Davenport who also goes by "Mike" said that Patterson had shared some of his relationship woes with him on occasion. He said Patterson shared that he suspected that Secor was seeing someone else. He also referred to Patterson's relationship with his son as "sketchy" and that he yelled at him a lot. "They argued a lot," he added. He also told the court that Patterson would require his son to work  or help out in the house before he could play his X-Box. He said before he could continue to calm Patterson down the phone went dead. He said when he arrived home around 11:30 p.m., Knoxboro road was blocked off. After letting officials on the scene know that he lived on the street, he was instructed to go home and stay there.

During cross examination Davenport talked about Patterson's hunting skills. The defense seemed to attempt to establish that Patterson was not a very good shot. Davenport said he never saw Patterson shoot a deer during their hunting outings.

Davenport said after the incident that claimed the life of Oneida County Sheriff's Deputy Kurt B. Wyman, he went to see Patterson in jail because he still considers him a friend. He said during their visit, Patterson brought up that statement and disputed that he said it. Daveport said they went back and forth about it, but maintained that he did hear him say it.

The prosecution team called five witnesses to testify today. Most were members of the Oneida County Sheriff's Office Emergency Response Team. The first witness was ERT Captain Antanavige. He was asked by defense attorney Frank Nebush if it was customary to drag these types of high-risk situations out for a long time to ensure a better outcome. He agreed that time is on their side, however he explained that the nature of law enforcement and in particularly, the work of ERT, requires improvising and adjustment as needed. He also talked about the strategies used to try and gain entry into the home to contain Patterson in the garage where he was hold up. He was also asked if he took inventory of any hazardous material that may be in the garage, to which the Captain said, "No." He also told the jury that he filed an official report about the incident about two and a half weeks later.
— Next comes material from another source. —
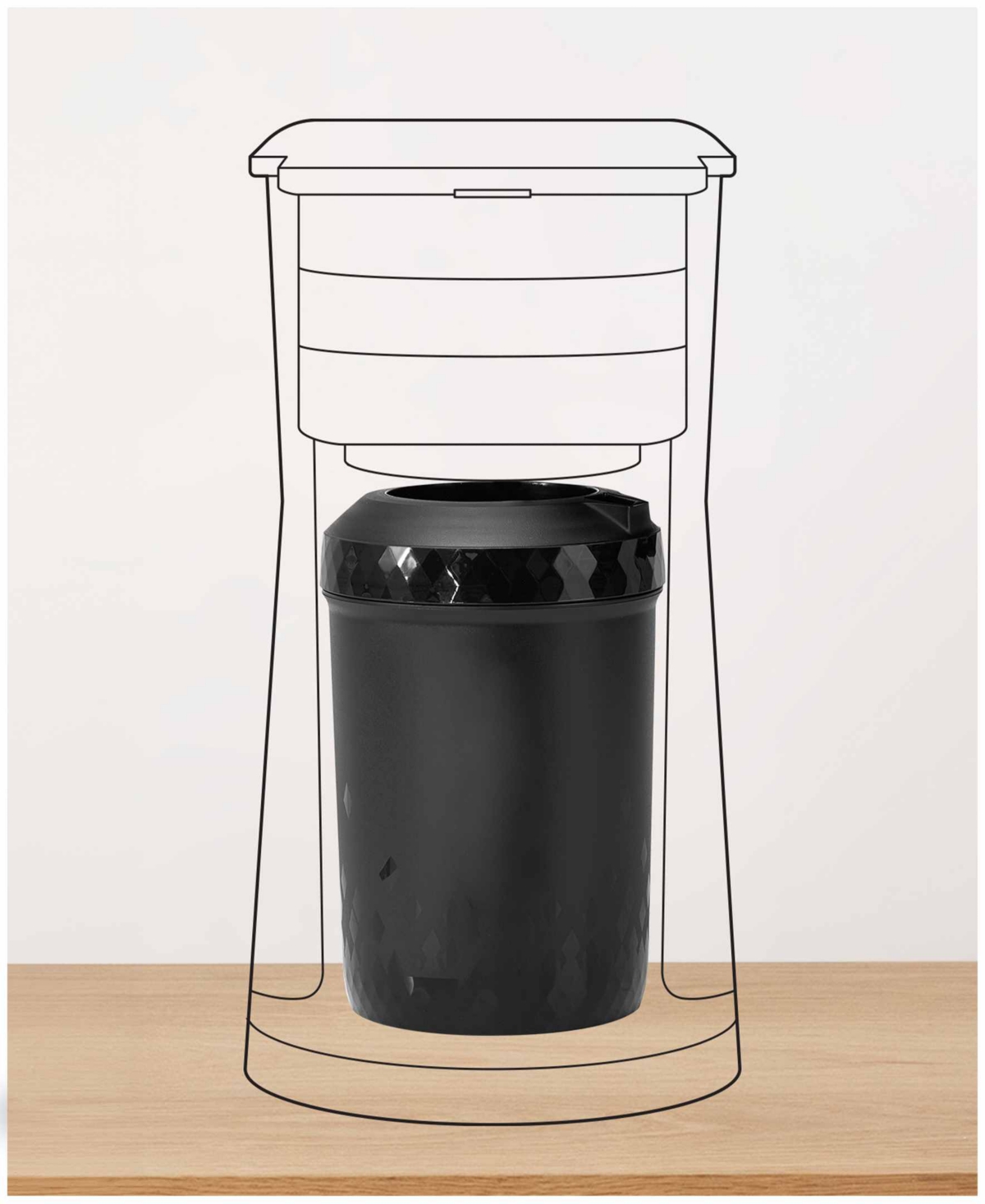 Hyperchiller 12.5 Oz. Beverage Cooler In Black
Other officers called to testify throughout the week also told the jury that they did not file an incident report immediately. Some took time off to be with family and mourn the loss of one of their fellow officers.

It was also learned during testimony from a ballistic expert that Investigator David Nowakowsi fired three rounds from within patrol car 462 toward the garage, however none of the rounds hit the garage. It was determined that Patterson fired three rounds at the officers, however officials were only able to locate two of the shell casings. Trigger Reset Testing was also conducted on Patterson's shot gun to determine if he would have to pull the trigger each time to fire. The expert found that the suspect would have to pull the trigger each time to fire off a round.

Patterson  is facing an Aggravated Murder charge, as well as, an Assault charge for the stand-off in the Town of Augusta on Knoxboro Road. Patterson could be sentenced to life in prison without the possibility of parole. Testimony will continue in Judge Barry Donalty's court room on Monday 6, 2012.

Video showing Patterson leaving the court room during a break:

On Tuesday another high profile case is set to start right next door to Judge Donalty's court room--the trial of David Trebilcock, the Sherill man who stands accused of stabbing his then live-in girlfriend's six-year-old daughter to death.